== WHAT TO WORK ON ==
Copy out the data exactly, leaving the pictures behind.

== DATASET EXTRACT ==
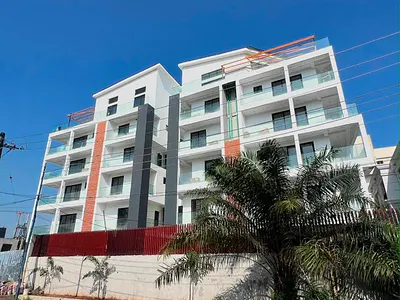 4 Bedroom Maisonette
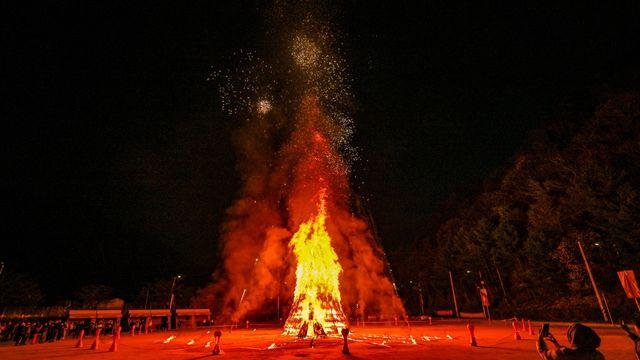 은빛 억새와 붉은 단풍의 향연…'45일 여정' 민둥산 축제 폐막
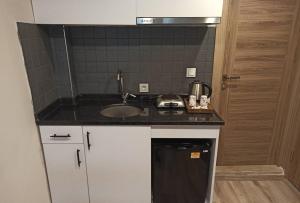 Kuchyň nebo kuchyňský kout v ubytování Cadde Suite Bakırköy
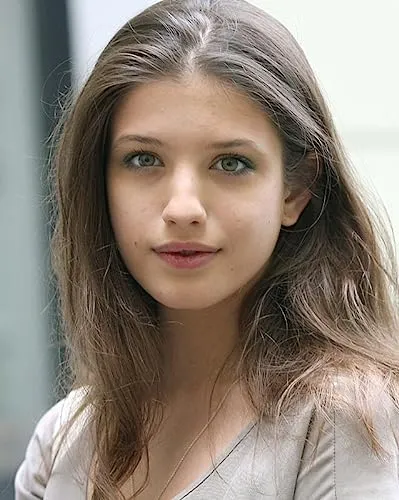 Anya Chipovskaya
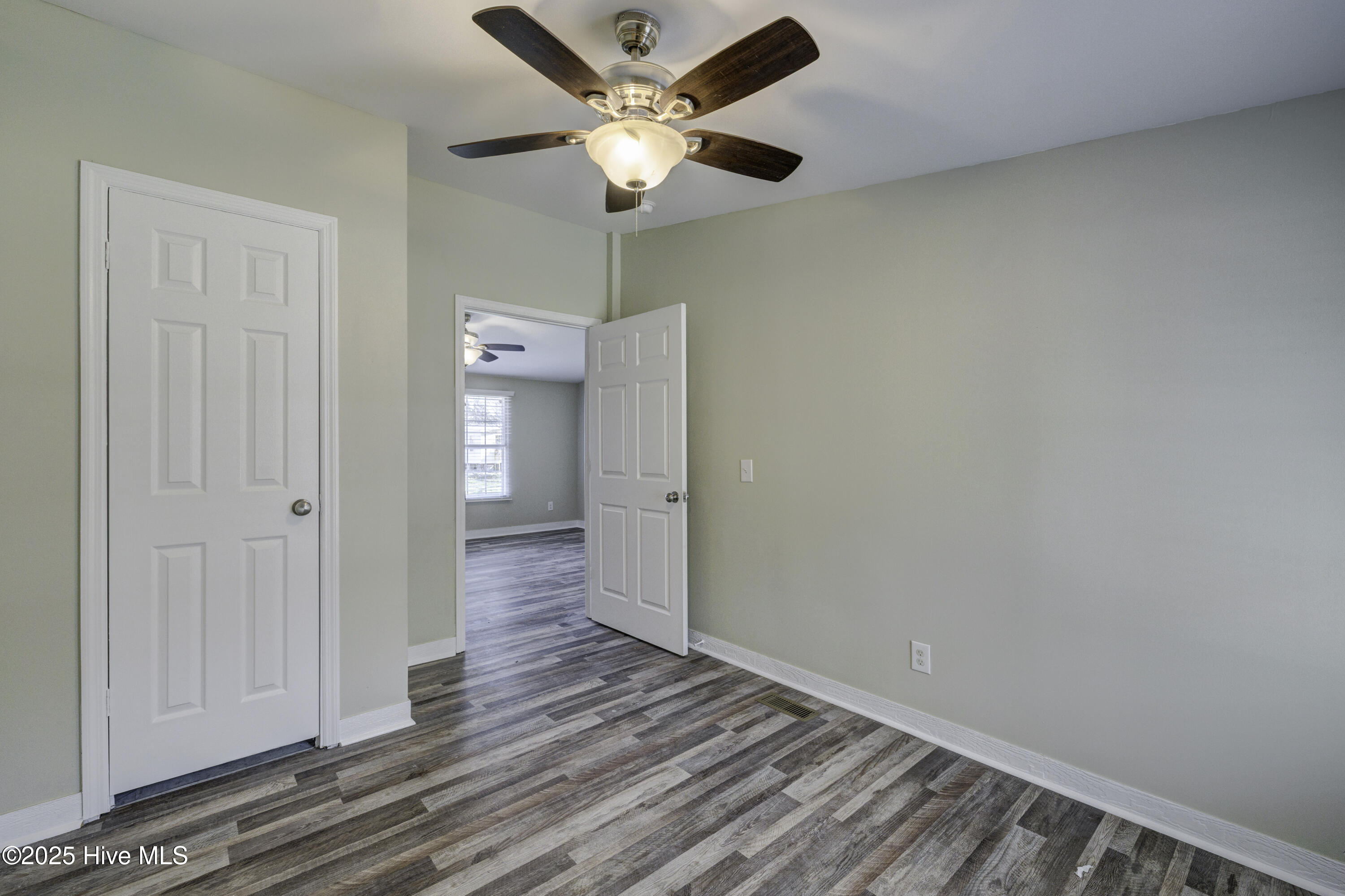 2827 New Road Burgaw, NC 28425 - Photo 28 of 37 2827NewRoadItemRemoval-20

== WRITTEN SOLUTION ==
 4 Bedroom Maisonette
 은빛 억새와 붉은 단풍의 향연…'45일 여정' 민둥산 축제 폐막
 Kuchyň nebo kuchyňský kout v ubytování Cadde Suite Bakırköy
 Anya Chipovskaya
 2827 New Road Burgaw, NC 28425 - Photo 28 of 37 2827NewRoadItemRemoval-20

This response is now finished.